Create a chain where I will pass the extracted documents by the simmilarity search to the llm

In [85]:
text_chain = RetrievalQA.from_chain_type(llm=chat_llm, chain_type="stuff", retriever=vstore.as_retriever())

q="""In the context of the romanian novel Ion, written by the romanian writer Liviu Rebreanu who is Ion's true love?
"""

result=text_chain.run(q)
print(result)
     

 In the novel "Ion" by Liviu Rebreanu, the character Ion is deeply in love with a woman named Smaranda. Their love story is a central theme of the novel.

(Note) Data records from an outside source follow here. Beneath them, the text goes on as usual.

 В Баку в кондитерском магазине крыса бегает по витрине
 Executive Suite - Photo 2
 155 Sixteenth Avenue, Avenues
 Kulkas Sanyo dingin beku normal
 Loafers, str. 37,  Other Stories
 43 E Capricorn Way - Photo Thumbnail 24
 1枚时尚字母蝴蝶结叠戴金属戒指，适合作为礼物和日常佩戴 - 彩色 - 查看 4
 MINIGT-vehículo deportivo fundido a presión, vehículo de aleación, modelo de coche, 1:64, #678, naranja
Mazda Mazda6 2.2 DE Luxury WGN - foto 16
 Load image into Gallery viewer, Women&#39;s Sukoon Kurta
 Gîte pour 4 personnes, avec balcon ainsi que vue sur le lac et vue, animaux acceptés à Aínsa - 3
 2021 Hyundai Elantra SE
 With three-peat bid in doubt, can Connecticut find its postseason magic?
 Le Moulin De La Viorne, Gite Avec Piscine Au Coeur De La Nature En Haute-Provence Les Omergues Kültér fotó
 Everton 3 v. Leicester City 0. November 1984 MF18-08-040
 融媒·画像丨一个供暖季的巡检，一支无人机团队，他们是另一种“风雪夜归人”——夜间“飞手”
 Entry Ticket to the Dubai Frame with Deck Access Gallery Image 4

Create a prompt where I will ask the llm a question related to my document

In [86]:
from langchain_core.messages import HumanMessage, SystemMessage
import textwrap


def perform_similarity_search(query, top_k=5):
    search_results = vstore.similarity_search(query, top_k)
    return search_results

def answer_question_with_context(question, similar_docs):
    # Extract the text of similar documents and form the context
    context = " ".join([doc.page_content for doc in similar_docs])
    
    system_prompt = "You are an expert on Romanian literature. Please provide detailed and accurate answers based on the provided context."
    input_text = f"{system_prompt}\n\nContext: {context}\n\nQuestion: {question}\nAnswer:"
    
    messages = [
    SystemMessage(content=system_prompt),
    HumanMessage(content=input_text),
    ]

    response = chat_llm.invoke(messages)
    answer = textwrap.fill(response, width=100)
    
    return answer


Ask the question

In [87]:
q = """
    who is Ion's true love?
    """

similar_docs = perform_similarity_search(q)
result = answer_question_with_context(q, similar_docs)

print(result)

     In the context provided, Ion's true love is Vanessa. The text suggests that Ion has deep and
unattainable feelings for Vanessa, which he pursues relentlessly. Despite the challenges, Ion's love
for Vanessa remains a significant aspect of his character and drives much of the narrative.